Com o advento da era moderna e sua cosmovisão radical a qualquer essencialidade, a cultura de massas e o establishment científico acabaram por reduzir todo o conteúdo do Direito a fórmulas ideais e diplomas constituídos a partir de premissas lógico-científicas, voltadas para o próprio fechamento metodológico e o encerramento de suas justificativas lógicas. Assim, cada vez mais, a sociologia viu-se afastada do Direito, já com que ele não guardava outra relação senão a de mero expectador de sua efetividade, desconectado de sua ordem constitutiva e com ela nada possuindo de essencialmente comum.

O caminho, assim, foi conceber uma nova forma de investigação da sociedade do ponto de vista jurídico: tratá-la como uma máquina de engenharia, mecanizada, absolutamente submissa a esquemas mentais teóricos inventados à imagem e semelhança dos projetos de poder de seus criadores, bem como alheia a qualquer extração possível da realidade da experiência.
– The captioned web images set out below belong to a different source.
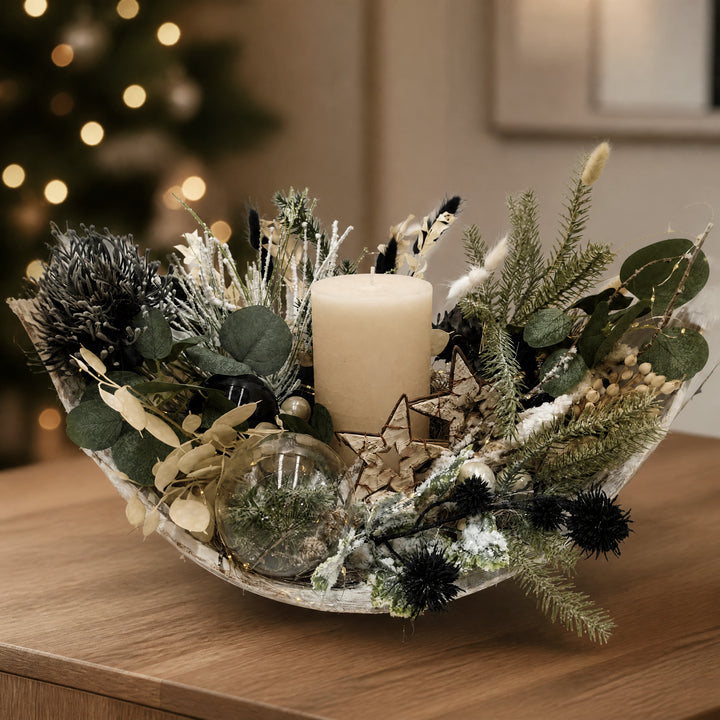 Szene Weihnachtsgesteck LED Kugel Stern Eukalyptus schwarz creme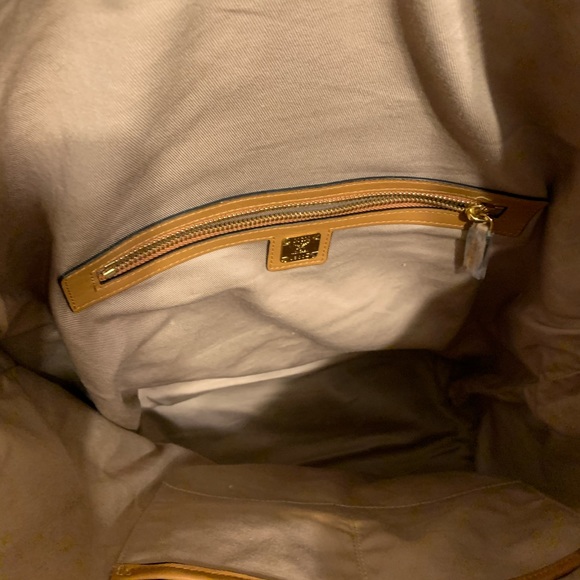 MCM backpack ( LG size ) - Picture 9 of 13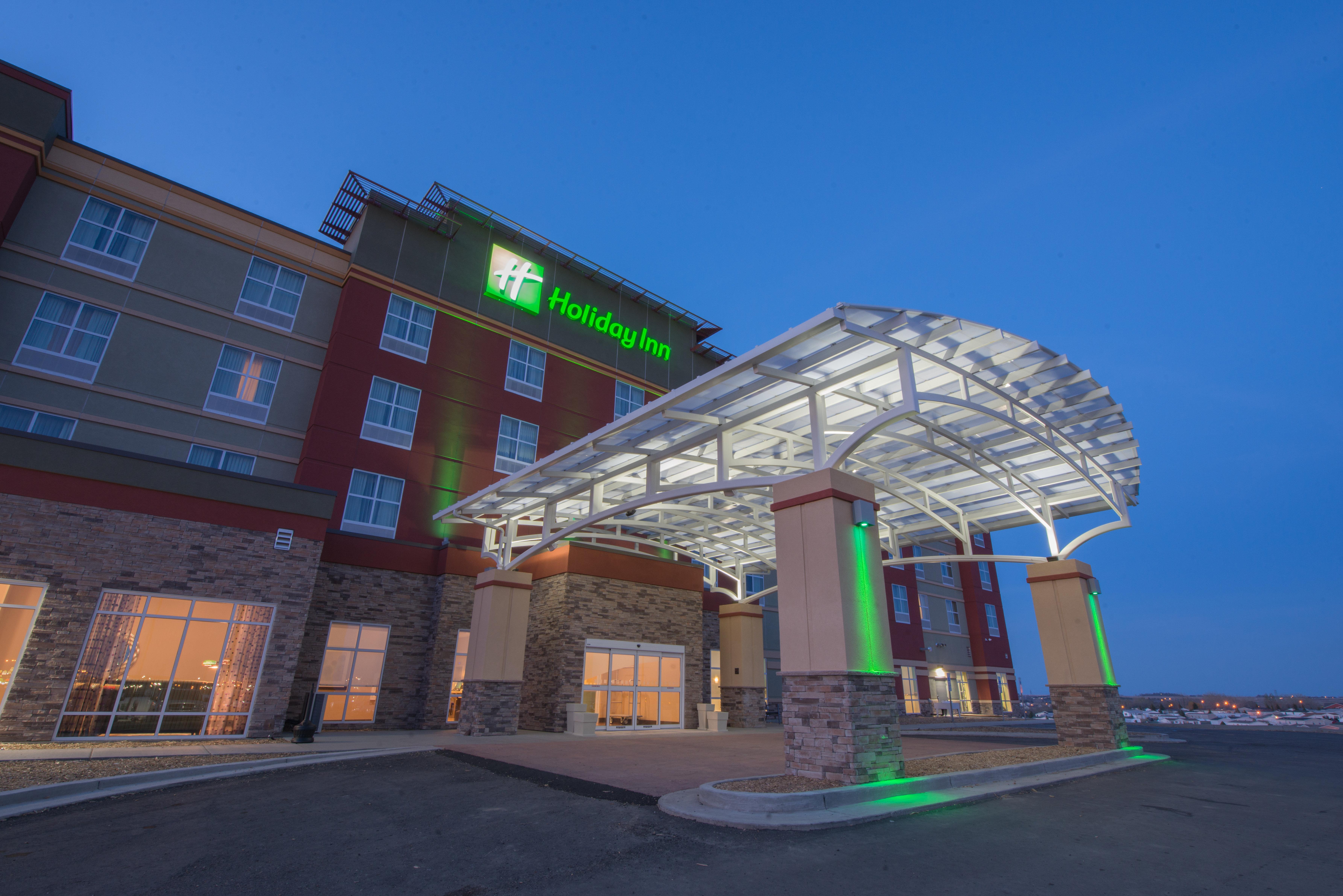 Holiday Inn Bismarck, An Ihg Hotel Exterior photo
Ora, sendo a realidade existencial um campo aberto e variado de possibilidades investigativas, nada mais restara à sociologia do Direito senão afastar seu âmbito de investigação de qualquer reconhecimento inteligível de uma ordem natural anterior à ordem social e política, concebendo-se, assim, como decorrente de uma cosmovisão em que a ordem social é posta por criadores políticos, que se valem soberanamente do ato de decisão fundamental para instituir essa “ordem”.

Por essa razão, criara-se uma onda de desconfiança e descontentamento frente à sociedade, concebendo-a como um plasmado agrupamento amorfo, sujeito às fórmulas teóricas criadas com o objetivo de refletir essa desconfiança e, por assim dizer, esse descontentamento com o mundo. A nova tarefa da sociologia do Direito, assim, seria a de limpar as arestas de campos metodológicos alheios a investigação social e reconhecer, de uma vez para sempre e com vistas a “verdade” que o único caminho possível é o da investigação substancialmente ideológica, dizendo, com todas as letras, que o Direito é uma ideologia e, como tal, um projeto de poder como qualquer outro.

Nesse sentido, a sociologia do Direito passa a ser o campo de investigação voltado para decifrar tudo o que as demais disciplinas não o fizeram: reconhecer que tudo é ideologia e, assim, vontade de poder. A desconfiança dá assento ao estado de alienação e, dessa forma, transforma o Direito na vítima (e não mais em objeto de investigação) da sociologia e de seus arautos. O Direito é ideologia e, como tal, só pode ser explicado pelo olhar da desconfiança e não pelo reconhecimento de suas premissas axiológicas. É colocada por terra toda e qualquer alusão a ordem natural, bem como sua sucessora: a crença no positivismo mitigado.

Com a expansão do marxismo e suas pretensões redentoras, a sociologia do Direito encontra-se na ante-sala do paraíso terrestre imanente, como fórmula universal de explicação sobre a totalidade da sociedade a partir de seu órgão diretivo e de seus centros decisórios. O objeto de investigação, que fora a ordem natural ou, recentemente, o sistema jurídico positivo, agora se transfigura em uma análise quantitativa dos instrumentos de “opressão e controle” em larga escala. Com o apreço da sociologia “geral” pelo estudo da chamada “sociedade de massas”, restou para a sociologia jurídica o caminho fácil de verificar e analisar mecanismos de controle social e fiscalização de ações humanas espontâneas.

O caminho recente da sociologia do Direito, portanto, aponta para a redução cada vez maior de seus postulados científicos a clichês e fórmulas ideais, pretendentes em explicar a universalidade dos fatos sociais a partir de esquemas montados por profetas científicos. Sim, os profetas da sociedade moderna, do ponto de vista jurídico, são os “sociólogos do Direito”.